Evaluation of epidural sensory block by thermal stimulation, laser stimulation, and recording of somatosensory evoked potentials
ABSTRACT The existence of differential sensory block during epidural analgesia has been confirmed by some authors and disputed by others. This study attempts to elucidate this issue by using quantitative methods for evaluation of sensory block.
A single epidural injection of 20 mL 0.5% bupivacaine with epinephrine was administered at the L1-T12 level in 11 male volunteers. Sensory block was evaluated by two qualitative (pinprick and light touch) and two quantitative methods (thermal stimulation with Thermotest [Somedic, Stockholm, Sweden] and argon laser stimulation). For measurement of motor block in the lower extremities and in the rectus abdominis muscle, quantitative methods were used. Sensory block was also assessed by somatosensory evoked potentials recorded during electrical and laser stimulation at the most cranial analgesic dermatome (loss of sharpness in pinprick perception) and the anesthetic dermatome L2 (loss of light touch perception).
The zone of anesthesia was smaller than the zone of any other investigated variable.
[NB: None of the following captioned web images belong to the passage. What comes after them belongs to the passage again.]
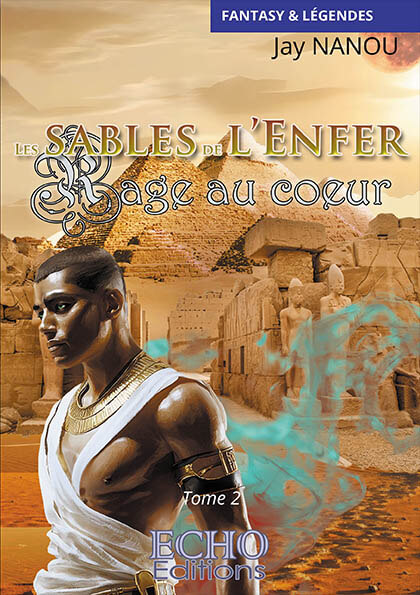 les-sables-de-lrsquoenfer--rage-au-coeur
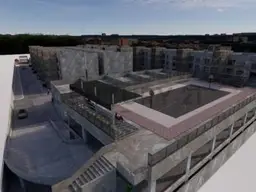 Vista 5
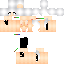 Texture for s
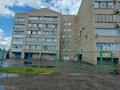 3-комнатная квартира · 97 м² · 2/5 этаж, Ишимская 34 — Пушкина за 49 млн ₸ в Петропавловске — фото 8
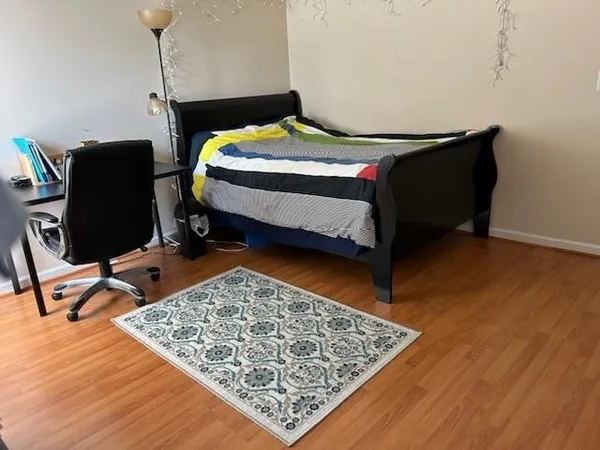 $2,600 | Undisclosed Address, Suwanee, GA 30024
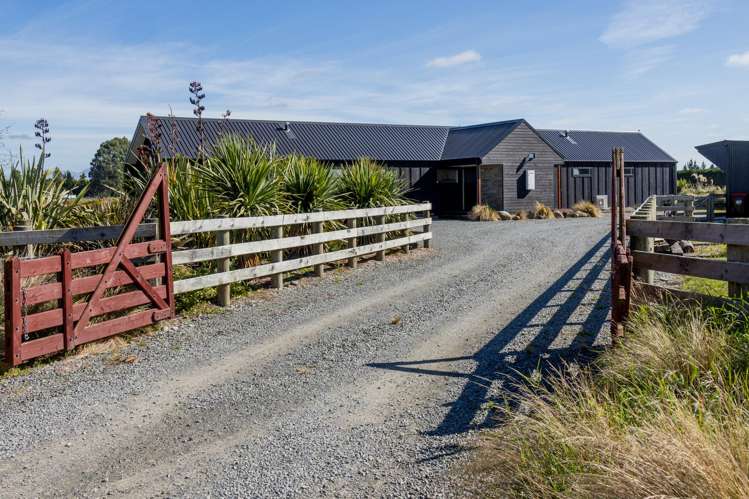 56 Opuha Street Orari_23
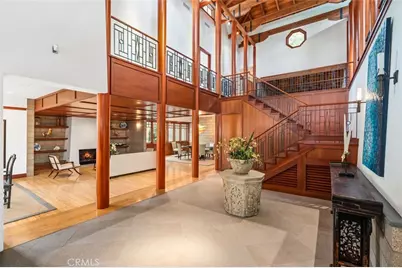 2540 Crow Foot Lane, Diamond Bar, CA 91765 - Photo 7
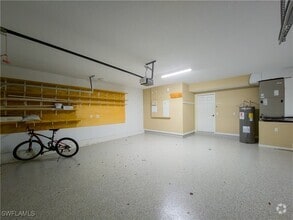 Building Photo - 1012 Jeater Bend Dr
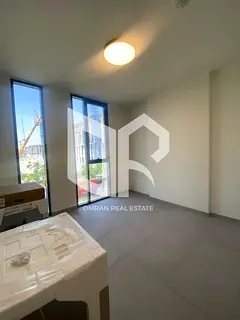 High ROI | 425 sq.ft Net | Open View Over Townhouses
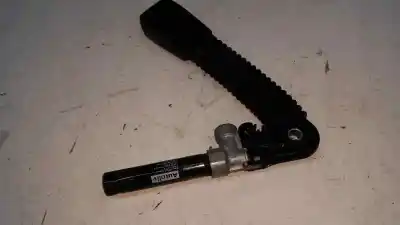 Gebrauchtes Autoersatzteil  zum BMW SERIE 3 COMPACT (E46)  OEM-IAM-Referenzen   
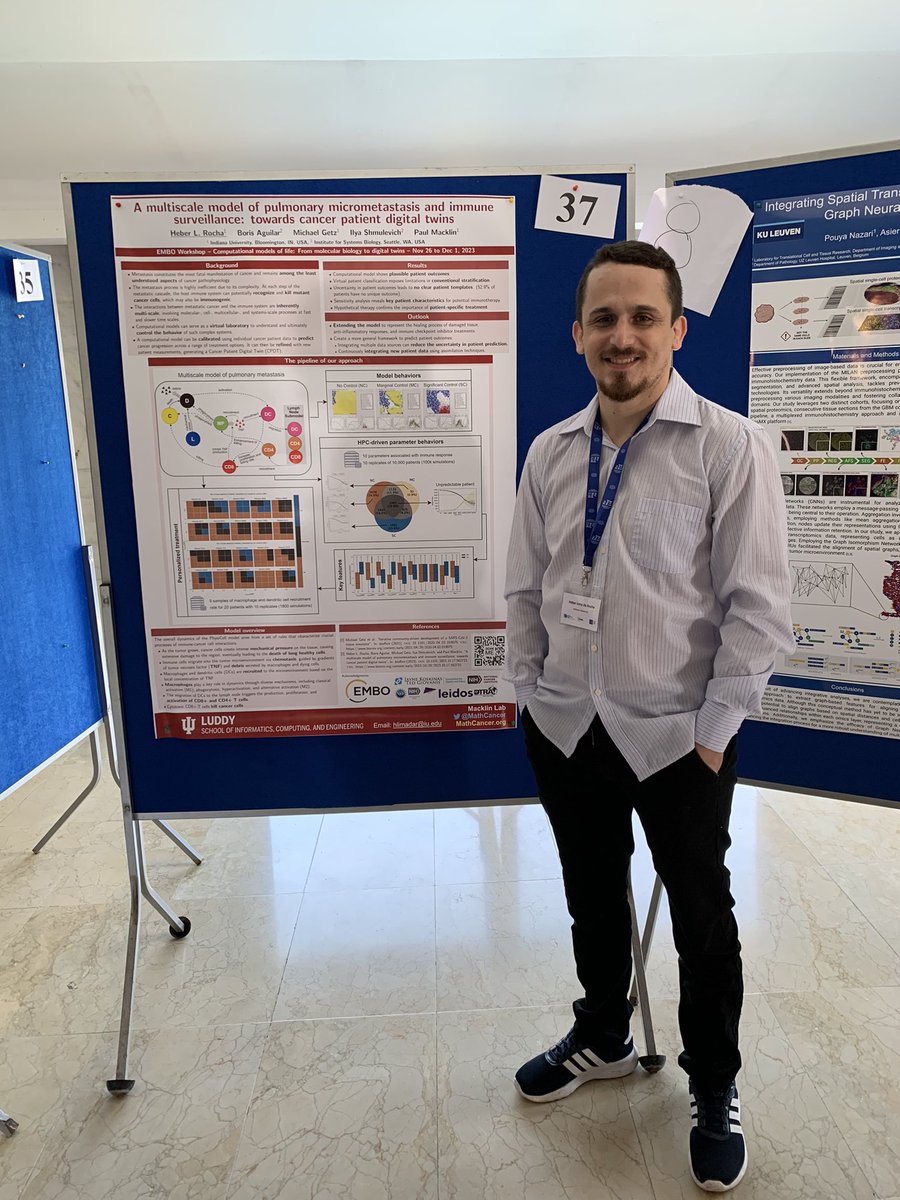 Heber Rocha tweet media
The cranial spread of analgesia and motor block was lower than that of laser-assessed block. Partial block of laser perception and thermal perception lasted longer than analgesia and motor block. No consistent segmental or temporal differences were found between the Thermotest and laser methods. During epidural block, prolongation of latencies and reduction in amplitudes of somatosensory evoked potentials produced at the most cranial analgesic dermatome did not differ significantly from those produced at the anesthetic dermatome.
No differential block of small nerve fibers was found during epidural analgesia by Thermotest and argon laser stimulation. Recording of somatosensory evoked potentials did not demonstrate significant difference between responses from the sites with most superficial and with most intense sensory block.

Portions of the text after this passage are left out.